What it really meant was weeks of tantalisingly long, far-from-arduous hours with Anne, his presentation partner, in close and even intimate quarters, as they toiled over some of the most beautiful love poetry in the English language. Gilbert had wondered whether it would be wildly inappropriate to send their blessed English professor a very nice belated gift for Christmas.
Gilbert flicked a glance at Anne under long lashes, distracted by her fingers caressing the material of her skirt, which was such a wonderful color on her. He wished that everything she did wasn't quite so sensual. Sitting here with her, after all those weeks apart, blandly discussing their holidays, and then turning their attention to their work; well, it was its own unique form of torture. How he rolled his eyes now to reflect on that cocky, clueless idiot who had so laughed at his own reflection with such misguided confidence – I will woo her one hundred and fifty four different ways – when certainly the joke was on him given he could now hardly string a sentence together… "Madam…" he sighed to himself, "you have bereft me of all words. Only my blood speaks to you in my veins." 2
Perhaps he could woo her from afar, or organise someone else far better equipped to do it for him – Fred, for instance, that dark horse, who had only come back from Avonlea with Diana on his arm, for crying out loud. The whole process for Gilbert would probably be easier, and certainly his work more productive, if Anne didn't look so beautiful or smell so lovely, and if she didn't do either whilst leaning over so that his erstwhile old friend, the cream blouse with the frills, didn't inadvertently move with her body and thus gape ever-so-slightly right in his direct line of sight, exposing a tantalising glimpse of moonbeam-pale flesh below her throat and he didn't dare hazard to think what else.
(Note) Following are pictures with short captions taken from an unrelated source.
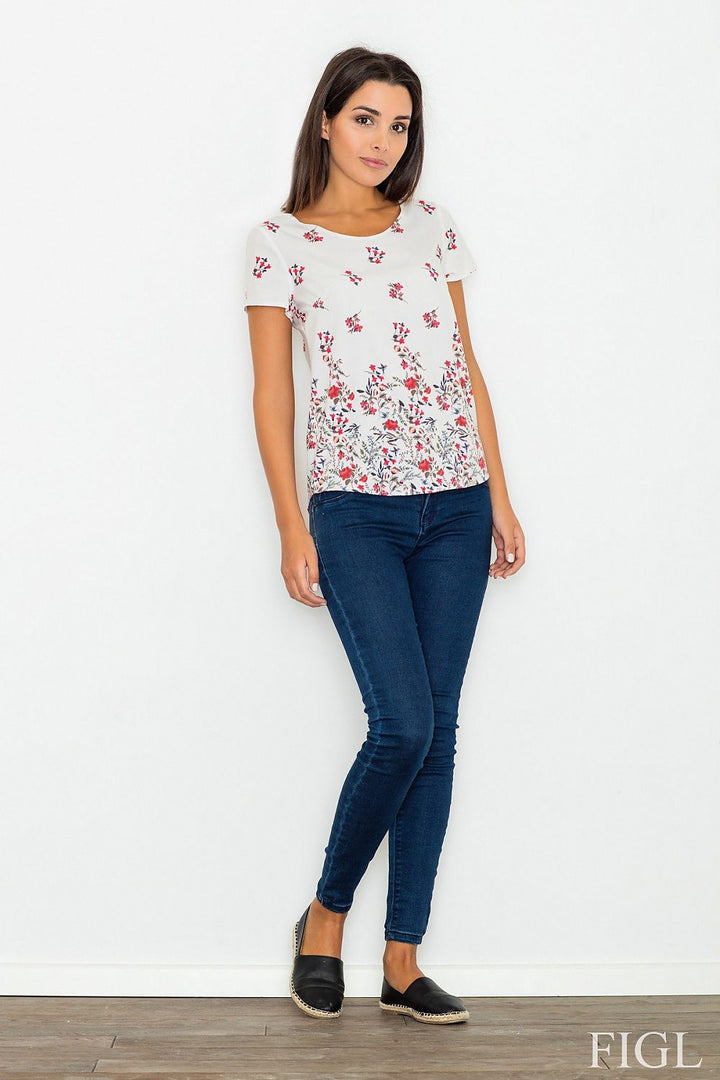 Blouse With Floral Print. Figl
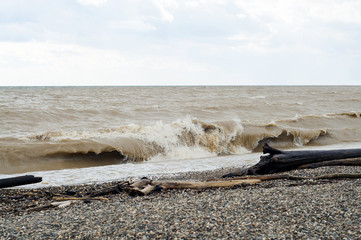 Wave during a storm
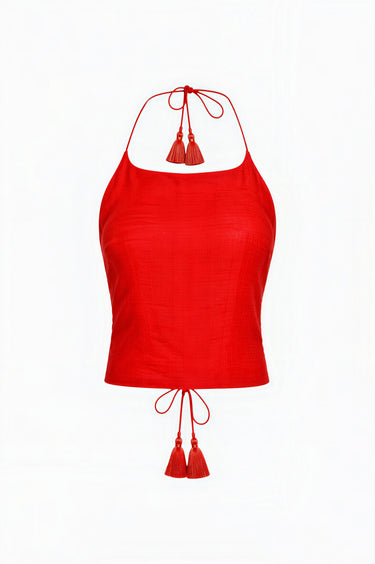 Poinciana Tank | Silk Dupioni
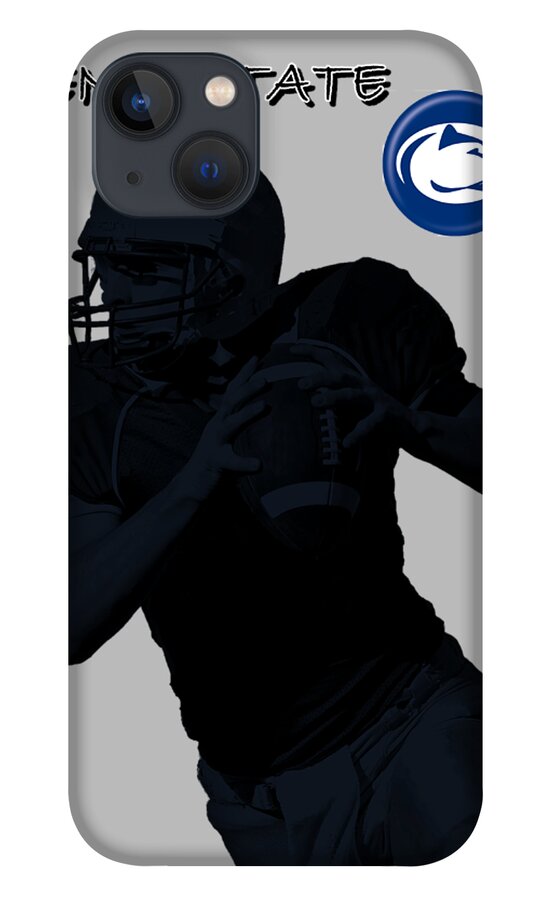 Football iPhone 13 Case featuring the digital art Penn State Football by David Dehner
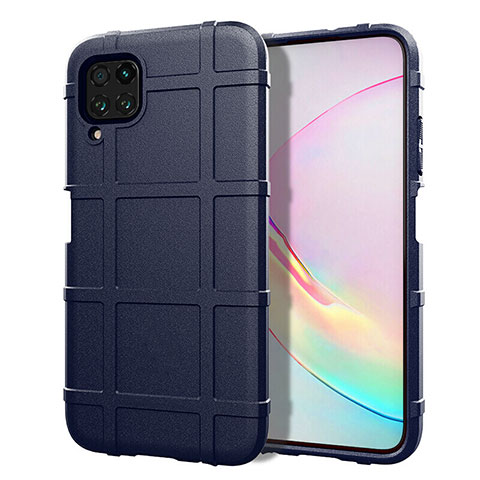 Custodia Silicone Ultra Sottile Morbida 360 Gradi Cover C05 per Huawei Nova 6 SE Blu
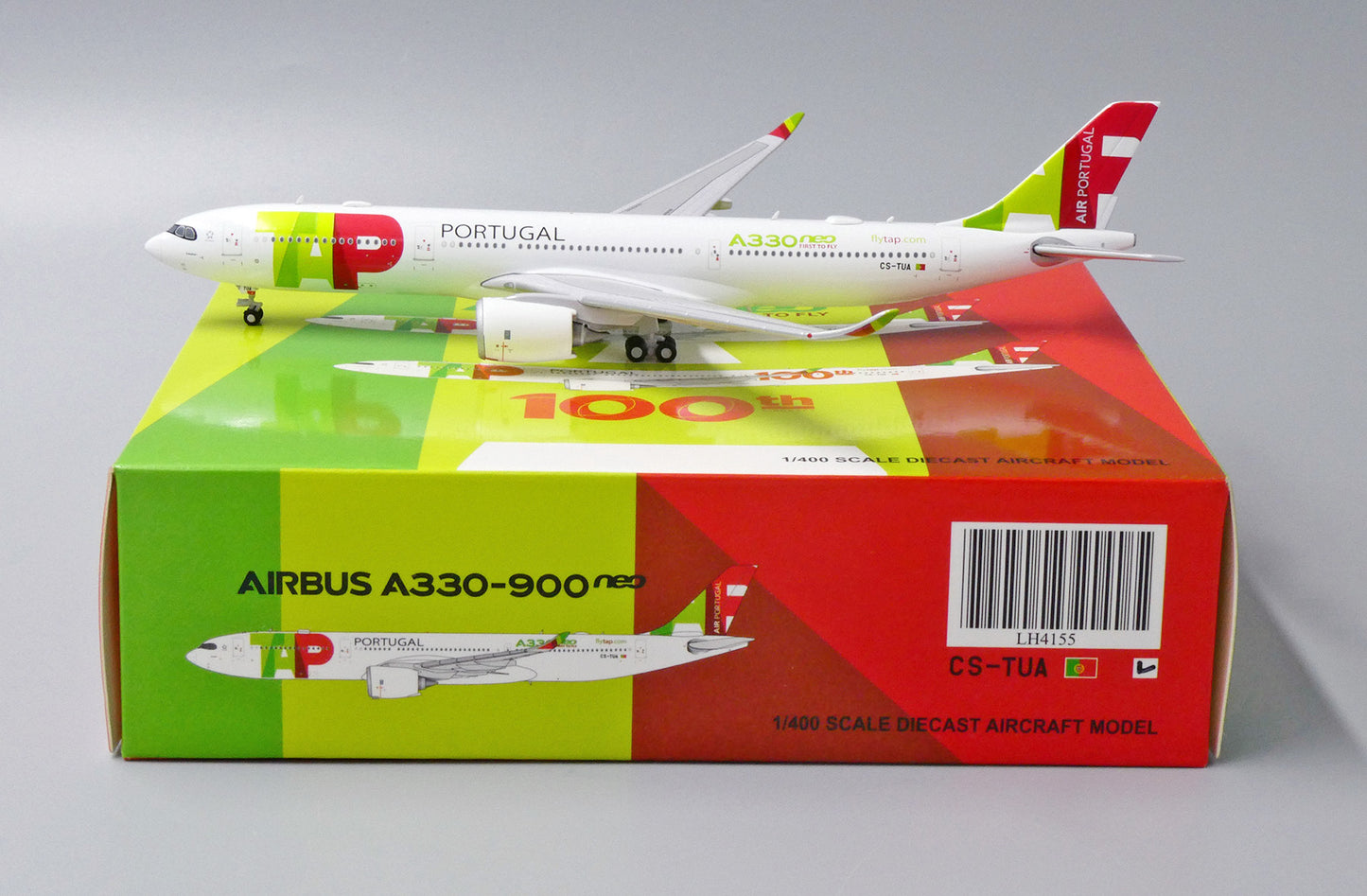 1:400 JC Wings TAP Air Portugal A330-900neo "A330neo Sticker" CS-TUA LH4155 OFFICIALLY LICENCED PRODUCT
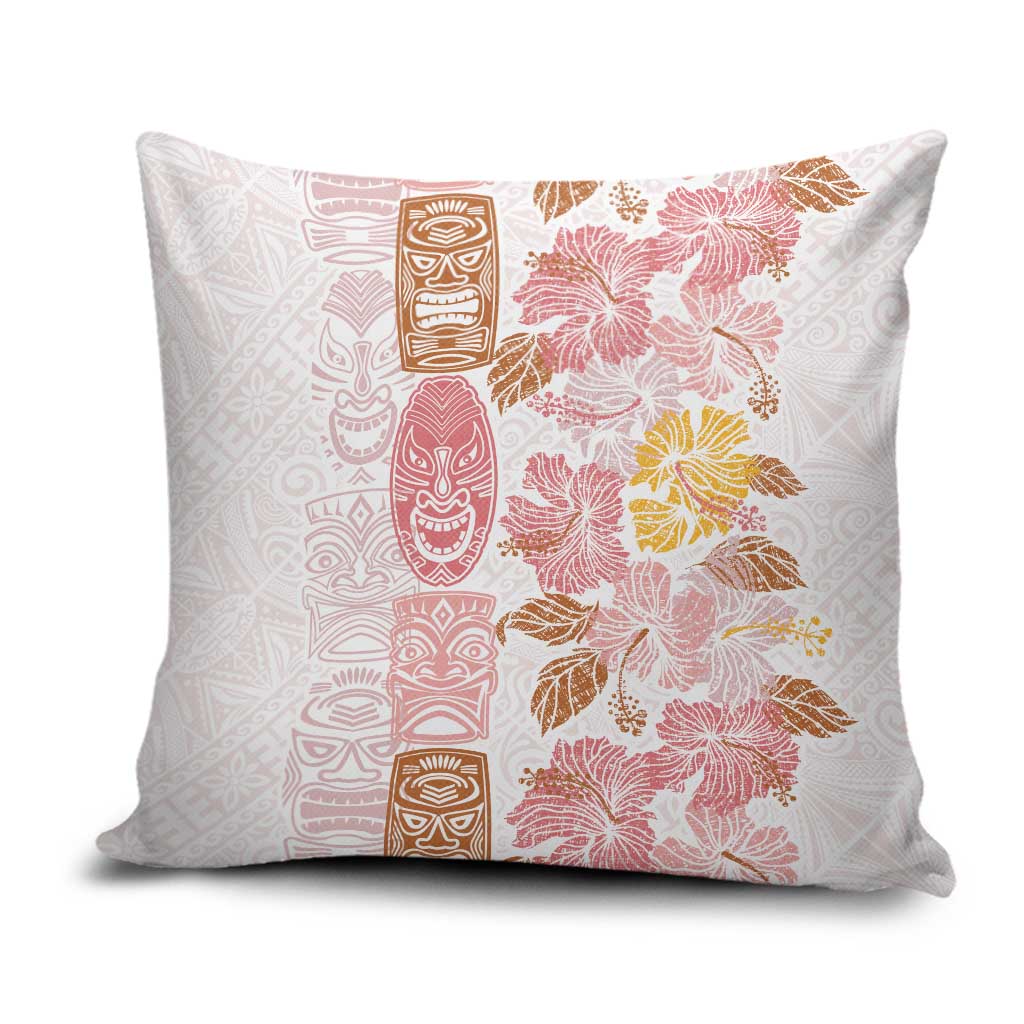 Christmas Aloha Hawaii Tiki Pillow Cover Hibiscus Spring Colors - Polynesian Pride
Get a hold of yourself, Blythe.
"So how do you recommend we do this?" Anne was shaking her head now, incredulous at the very thought of it.
"I propose an exhaustive statistical analysis comparing the sum total of sonnets available divided by the number of sonnets actually read more than once," he deadpanned.
"Oh, Gilbert!" she laughed, her look wry. "You mean just pick our favourites?"
"Exactly."
Anne rolled her eyes. "But our favourites are going to be everyone's favourites!"
"Not necessarily."
"Well, then, what's your favourite?"
"Not so fast. How do I know you won't be so inspired that you copy me and insist on choosing the same to curry favour?"
She pursed her lips, adorably frustrated. He wished she wouldn't do that. It drew entirely too much attention to them.
"We surely wouldn't have the same favourite…" she mused doubtfully. "There are one hundred and fifty four of them."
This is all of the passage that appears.